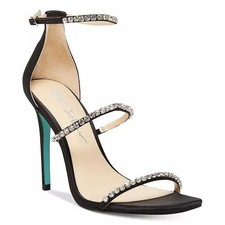 Blue Betsey Johnson Elisa Evening Sandals Black Rhinestone Sparkle Bling Wedding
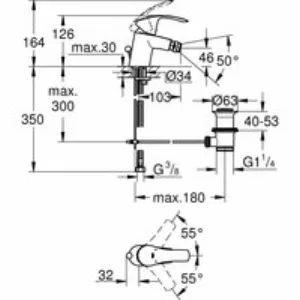 Смеситель для биде GROHE Eurosmart с донным клапаном, S-size, хром (32929002) Смеситель для биде GROHE Eurosmart с донным клапаном, S-size, хром (32929002)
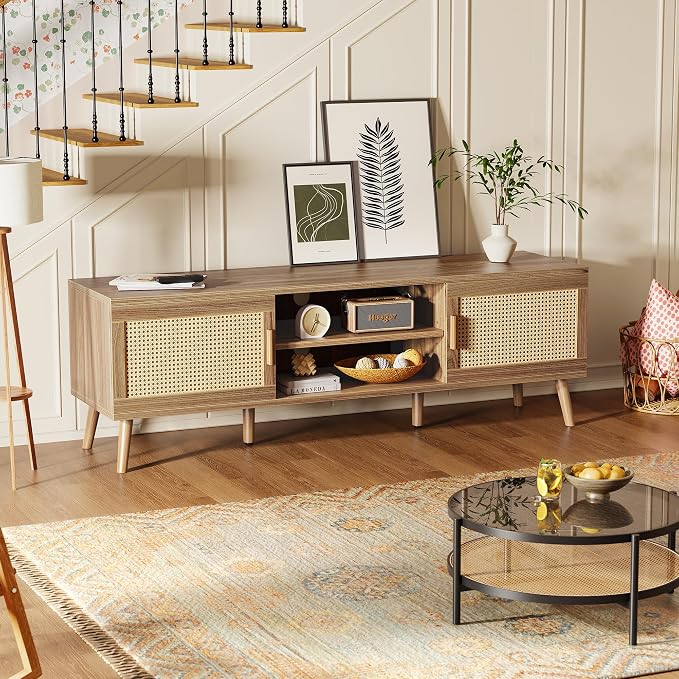 SUPERJARE Boho TV Stand for 65 Inch TV, Entertainment Center - Image 5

════════════════════

* [EXERCISE PROMPT] The expected answer is the data retyped exactly, without pictures.

* [ANSWER BOX]
 Blue Betsey Johnson Elisa Evening Sandals Black Rhinestone Sparkle Bling Wedding
 Смеситель для биде GROHE Eurosmart с донным клапаном, S-size, хром (32929002) Смеситель для биде GROHE Eurosmart с донным клапаном, S-size, хром (32929002)
 SUPERJARE Boho TV Stand for 65 Inch TV, Entertainment Center - Image 5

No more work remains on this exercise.